* _What you are asked to do_:
Reproduce the entries shown below only from the line with "Nutrient Composition of Foods [upl. by Roda]" down to the line with "Jackson: Wie oft gibt es Zweit-Vornamen?", keeping both end lines and copying each one exactly.

=== Begin Enclosure ===

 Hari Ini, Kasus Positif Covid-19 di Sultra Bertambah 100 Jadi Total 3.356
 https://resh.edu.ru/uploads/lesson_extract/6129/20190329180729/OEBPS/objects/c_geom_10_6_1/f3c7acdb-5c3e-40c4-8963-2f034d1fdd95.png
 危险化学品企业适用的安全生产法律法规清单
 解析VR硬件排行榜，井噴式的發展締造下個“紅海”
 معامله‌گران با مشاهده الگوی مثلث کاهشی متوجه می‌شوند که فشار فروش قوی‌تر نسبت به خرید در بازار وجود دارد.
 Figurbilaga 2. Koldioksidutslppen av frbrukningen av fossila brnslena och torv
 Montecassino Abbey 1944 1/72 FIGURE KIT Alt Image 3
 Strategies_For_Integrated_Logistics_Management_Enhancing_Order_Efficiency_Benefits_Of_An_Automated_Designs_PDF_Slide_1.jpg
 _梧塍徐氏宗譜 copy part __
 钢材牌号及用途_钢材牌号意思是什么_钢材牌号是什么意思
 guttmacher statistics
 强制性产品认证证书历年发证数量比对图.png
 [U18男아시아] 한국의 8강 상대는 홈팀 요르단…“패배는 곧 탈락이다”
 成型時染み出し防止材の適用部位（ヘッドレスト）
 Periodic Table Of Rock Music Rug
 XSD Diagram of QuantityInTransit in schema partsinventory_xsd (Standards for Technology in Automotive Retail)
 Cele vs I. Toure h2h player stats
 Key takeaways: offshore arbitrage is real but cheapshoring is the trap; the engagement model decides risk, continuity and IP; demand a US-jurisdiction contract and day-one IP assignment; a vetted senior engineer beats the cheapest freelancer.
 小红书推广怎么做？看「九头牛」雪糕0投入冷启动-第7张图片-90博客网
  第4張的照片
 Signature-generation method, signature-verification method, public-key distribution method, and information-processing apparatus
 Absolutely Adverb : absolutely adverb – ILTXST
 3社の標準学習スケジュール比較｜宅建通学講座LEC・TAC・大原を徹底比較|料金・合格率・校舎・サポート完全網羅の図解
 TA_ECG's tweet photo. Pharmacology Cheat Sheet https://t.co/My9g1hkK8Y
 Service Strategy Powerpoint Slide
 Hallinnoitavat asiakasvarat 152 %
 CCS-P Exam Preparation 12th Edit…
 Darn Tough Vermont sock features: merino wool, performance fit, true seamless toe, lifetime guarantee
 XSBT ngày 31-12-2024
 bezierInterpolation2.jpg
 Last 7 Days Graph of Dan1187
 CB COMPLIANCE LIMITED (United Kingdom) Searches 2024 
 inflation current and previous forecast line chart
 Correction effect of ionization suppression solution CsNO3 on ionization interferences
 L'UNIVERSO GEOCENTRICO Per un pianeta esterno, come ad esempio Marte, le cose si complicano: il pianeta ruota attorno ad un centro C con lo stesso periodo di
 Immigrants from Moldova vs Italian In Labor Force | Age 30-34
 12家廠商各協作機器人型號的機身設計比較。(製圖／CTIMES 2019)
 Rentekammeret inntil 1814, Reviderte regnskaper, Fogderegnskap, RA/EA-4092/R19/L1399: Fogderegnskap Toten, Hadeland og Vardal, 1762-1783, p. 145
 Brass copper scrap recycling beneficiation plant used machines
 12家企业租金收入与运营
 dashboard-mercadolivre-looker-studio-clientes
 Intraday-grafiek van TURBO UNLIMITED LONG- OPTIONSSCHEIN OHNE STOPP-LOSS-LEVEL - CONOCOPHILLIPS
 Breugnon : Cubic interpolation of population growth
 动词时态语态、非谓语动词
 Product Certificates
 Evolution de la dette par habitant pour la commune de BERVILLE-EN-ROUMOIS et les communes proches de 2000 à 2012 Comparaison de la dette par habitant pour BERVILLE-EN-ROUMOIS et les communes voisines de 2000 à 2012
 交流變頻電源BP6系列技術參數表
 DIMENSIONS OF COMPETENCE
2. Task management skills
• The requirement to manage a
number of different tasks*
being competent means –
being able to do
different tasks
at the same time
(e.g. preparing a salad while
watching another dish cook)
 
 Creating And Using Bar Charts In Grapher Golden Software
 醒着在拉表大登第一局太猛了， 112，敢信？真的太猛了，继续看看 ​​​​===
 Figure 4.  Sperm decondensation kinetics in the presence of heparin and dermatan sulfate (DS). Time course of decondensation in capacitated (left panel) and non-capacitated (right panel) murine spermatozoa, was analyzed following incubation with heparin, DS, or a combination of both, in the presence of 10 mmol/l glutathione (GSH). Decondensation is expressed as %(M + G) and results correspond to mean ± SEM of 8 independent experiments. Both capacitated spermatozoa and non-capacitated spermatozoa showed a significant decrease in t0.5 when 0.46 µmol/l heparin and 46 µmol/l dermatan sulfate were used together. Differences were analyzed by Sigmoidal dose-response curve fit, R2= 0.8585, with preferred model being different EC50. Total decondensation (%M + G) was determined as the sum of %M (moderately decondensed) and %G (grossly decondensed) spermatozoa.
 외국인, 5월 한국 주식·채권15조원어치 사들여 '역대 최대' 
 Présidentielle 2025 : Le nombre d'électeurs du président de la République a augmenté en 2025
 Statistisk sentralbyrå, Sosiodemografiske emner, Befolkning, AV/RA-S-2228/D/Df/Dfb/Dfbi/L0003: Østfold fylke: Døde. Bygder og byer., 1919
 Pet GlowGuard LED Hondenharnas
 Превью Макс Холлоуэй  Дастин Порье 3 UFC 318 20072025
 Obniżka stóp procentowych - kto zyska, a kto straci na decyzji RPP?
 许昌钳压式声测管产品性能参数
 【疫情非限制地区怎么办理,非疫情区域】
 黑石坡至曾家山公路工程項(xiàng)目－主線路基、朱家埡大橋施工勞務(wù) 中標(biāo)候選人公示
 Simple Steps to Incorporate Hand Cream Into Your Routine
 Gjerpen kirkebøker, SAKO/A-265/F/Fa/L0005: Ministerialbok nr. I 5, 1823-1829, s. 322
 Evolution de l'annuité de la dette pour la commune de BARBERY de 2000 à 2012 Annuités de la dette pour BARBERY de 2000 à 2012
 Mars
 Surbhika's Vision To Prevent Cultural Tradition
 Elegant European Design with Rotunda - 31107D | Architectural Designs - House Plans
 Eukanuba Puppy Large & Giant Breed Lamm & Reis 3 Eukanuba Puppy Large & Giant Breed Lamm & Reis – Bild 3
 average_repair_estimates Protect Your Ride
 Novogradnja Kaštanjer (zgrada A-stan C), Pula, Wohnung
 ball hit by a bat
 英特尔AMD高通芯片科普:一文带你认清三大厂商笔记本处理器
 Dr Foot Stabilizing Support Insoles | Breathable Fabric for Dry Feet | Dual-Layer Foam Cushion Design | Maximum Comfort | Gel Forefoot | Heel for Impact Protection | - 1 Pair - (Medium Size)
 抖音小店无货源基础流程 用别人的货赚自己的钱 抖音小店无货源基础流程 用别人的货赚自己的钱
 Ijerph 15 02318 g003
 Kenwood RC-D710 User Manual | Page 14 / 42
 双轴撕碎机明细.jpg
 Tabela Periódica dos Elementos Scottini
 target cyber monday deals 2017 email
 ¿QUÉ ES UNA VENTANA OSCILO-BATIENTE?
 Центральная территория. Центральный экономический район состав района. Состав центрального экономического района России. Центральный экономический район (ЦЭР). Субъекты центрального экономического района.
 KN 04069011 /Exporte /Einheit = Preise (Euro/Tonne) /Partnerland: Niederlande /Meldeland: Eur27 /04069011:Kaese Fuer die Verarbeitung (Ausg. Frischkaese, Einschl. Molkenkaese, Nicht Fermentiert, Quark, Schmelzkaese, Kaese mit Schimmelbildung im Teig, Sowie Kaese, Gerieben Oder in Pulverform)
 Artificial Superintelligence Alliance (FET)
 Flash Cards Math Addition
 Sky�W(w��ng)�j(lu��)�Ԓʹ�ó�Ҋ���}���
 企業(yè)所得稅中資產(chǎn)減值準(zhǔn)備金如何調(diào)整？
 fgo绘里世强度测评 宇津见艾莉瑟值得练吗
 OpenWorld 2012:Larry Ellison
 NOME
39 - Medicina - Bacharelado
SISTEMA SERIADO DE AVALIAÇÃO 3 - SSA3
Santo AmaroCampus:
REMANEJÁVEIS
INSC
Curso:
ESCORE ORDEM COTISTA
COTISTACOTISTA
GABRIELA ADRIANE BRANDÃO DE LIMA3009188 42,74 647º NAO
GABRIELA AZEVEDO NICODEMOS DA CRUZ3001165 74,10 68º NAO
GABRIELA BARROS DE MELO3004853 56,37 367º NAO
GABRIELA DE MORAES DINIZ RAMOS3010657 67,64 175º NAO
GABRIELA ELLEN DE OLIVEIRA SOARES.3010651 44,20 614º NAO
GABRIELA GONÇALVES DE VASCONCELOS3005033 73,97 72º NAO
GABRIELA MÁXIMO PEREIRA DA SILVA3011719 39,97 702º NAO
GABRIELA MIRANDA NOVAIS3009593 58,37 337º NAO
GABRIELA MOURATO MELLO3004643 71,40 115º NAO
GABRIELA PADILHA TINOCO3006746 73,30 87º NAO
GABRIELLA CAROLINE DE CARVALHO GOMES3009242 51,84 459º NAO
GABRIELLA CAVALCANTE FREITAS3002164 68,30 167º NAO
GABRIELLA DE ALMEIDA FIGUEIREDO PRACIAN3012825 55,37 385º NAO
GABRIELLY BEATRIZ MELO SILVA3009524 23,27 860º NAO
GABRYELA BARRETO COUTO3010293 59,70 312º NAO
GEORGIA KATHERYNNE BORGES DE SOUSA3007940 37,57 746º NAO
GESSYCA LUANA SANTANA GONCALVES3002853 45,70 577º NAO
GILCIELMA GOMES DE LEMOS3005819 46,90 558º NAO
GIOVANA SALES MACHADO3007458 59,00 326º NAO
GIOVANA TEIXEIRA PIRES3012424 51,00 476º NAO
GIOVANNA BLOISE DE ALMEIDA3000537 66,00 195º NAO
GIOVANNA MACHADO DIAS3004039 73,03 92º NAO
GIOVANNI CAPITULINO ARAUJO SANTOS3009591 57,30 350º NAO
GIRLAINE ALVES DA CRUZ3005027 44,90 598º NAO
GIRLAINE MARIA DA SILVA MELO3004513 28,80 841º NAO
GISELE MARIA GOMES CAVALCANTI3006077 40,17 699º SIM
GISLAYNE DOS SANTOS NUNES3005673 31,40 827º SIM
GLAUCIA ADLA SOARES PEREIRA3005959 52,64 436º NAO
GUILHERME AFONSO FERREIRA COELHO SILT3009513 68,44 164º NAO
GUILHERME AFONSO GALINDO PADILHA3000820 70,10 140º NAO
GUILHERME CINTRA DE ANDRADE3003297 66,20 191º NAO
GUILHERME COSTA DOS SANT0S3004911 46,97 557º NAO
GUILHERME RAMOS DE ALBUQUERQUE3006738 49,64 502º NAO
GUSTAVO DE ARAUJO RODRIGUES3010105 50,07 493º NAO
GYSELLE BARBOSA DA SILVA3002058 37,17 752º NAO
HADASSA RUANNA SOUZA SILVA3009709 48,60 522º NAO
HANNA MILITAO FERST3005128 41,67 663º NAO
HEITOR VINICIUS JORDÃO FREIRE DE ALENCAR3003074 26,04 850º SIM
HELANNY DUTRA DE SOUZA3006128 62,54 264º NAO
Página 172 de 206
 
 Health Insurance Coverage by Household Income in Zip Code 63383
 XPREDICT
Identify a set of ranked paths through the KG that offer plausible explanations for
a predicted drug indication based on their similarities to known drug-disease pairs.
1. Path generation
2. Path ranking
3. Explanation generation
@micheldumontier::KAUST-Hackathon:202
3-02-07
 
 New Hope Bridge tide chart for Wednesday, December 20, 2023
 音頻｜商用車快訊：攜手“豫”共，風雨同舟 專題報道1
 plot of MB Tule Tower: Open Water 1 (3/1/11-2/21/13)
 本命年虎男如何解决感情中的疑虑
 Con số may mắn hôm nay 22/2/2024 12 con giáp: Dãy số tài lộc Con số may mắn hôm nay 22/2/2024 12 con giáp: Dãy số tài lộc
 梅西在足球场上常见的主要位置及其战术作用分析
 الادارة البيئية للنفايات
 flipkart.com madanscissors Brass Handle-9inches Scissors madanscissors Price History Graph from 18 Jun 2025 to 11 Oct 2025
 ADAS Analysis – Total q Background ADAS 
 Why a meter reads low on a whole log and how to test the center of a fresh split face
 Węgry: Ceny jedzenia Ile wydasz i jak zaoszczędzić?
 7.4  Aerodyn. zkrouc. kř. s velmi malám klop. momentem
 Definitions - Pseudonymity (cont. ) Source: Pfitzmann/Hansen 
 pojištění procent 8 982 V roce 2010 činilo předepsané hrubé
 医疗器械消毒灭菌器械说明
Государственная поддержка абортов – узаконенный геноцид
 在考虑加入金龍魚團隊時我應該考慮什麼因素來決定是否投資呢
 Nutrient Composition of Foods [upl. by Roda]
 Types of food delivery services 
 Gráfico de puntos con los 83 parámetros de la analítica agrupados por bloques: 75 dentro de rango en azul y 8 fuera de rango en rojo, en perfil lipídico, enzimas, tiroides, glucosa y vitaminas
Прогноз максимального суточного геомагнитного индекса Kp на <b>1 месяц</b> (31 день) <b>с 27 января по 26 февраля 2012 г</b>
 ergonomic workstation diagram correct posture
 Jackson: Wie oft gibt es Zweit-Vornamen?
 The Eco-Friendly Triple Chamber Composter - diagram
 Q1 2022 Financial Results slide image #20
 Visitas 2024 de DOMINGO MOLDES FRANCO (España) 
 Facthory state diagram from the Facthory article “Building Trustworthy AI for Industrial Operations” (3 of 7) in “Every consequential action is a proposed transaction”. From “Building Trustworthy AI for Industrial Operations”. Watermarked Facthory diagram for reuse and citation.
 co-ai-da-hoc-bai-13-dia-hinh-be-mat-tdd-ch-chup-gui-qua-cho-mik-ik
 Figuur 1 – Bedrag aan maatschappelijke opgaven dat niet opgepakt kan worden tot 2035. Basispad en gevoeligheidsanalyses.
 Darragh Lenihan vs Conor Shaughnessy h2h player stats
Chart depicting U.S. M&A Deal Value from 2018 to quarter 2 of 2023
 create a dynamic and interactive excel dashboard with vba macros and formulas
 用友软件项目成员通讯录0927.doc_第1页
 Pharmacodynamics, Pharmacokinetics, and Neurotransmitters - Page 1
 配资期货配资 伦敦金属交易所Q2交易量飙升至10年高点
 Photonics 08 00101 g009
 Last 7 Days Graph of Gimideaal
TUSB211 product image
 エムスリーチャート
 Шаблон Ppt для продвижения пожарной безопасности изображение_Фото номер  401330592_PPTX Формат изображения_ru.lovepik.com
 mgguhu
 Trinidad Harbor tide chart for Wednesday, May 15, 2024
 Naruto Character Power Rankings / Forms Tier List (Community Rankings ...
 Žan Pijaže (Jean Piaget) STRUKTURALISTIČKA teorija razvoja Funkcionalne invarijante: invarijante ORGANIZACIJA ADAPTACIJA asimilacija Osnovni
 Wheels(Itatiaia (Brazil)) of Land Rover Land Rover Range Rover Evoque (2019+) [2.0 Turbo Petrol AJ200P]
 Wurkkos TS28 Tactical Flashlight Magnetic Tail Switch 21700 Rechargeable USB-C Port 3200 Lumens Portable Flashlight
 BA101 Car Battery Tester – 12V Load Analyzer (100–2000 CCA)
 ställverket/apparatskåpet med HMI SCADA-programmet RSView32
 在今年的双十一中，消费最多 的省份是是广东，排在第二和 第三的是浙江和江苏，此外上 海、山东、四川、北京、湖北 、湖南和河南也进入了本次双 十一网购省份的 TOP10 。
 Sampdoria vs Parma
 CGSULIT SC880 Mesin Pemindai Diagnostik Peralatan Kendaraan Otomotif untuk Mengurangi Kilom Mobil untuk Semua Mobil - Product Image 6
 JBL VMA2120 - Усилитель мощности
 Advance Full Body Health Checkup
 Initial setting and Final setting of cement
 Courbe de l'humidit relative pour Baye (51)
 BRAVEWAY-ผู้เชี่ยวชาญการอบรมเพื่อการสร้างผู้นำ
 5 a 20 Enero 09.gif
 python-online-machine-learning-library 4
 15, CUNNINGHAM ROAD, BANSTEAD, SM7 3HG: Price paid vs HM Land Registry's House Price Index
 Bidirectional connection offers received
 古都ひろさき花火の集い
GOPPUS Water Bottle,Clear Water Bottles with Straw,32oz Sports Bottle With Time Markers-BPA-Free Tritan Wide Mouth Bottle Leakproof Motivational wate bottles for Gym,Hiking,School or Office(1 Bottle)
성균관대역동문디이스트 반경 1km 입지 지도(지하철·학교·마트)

=== End Enclosure ===

* _Task output_:
 Nutrient Composition of Foods [upl. by Roda]
 Types of food delivery services 
 Gráfico de puntos con los 83 parámetros de la analítica agrupados por bloques: 75 dentro de rango en azul y 8 fuera de rango en rojo, en perfil lipídico, enzimas, tiroides, glucosa y vitaminas
Прогноз максимального суточного геомагнитного индекса Kp на <b>1 месяц</b> (31 день) <b>с 27 января по 26 февраля 2012 г</b>
 ergonomic workstation diagram correct posture
 Jackson: Wie oft gibt es Zweit-Vornamen?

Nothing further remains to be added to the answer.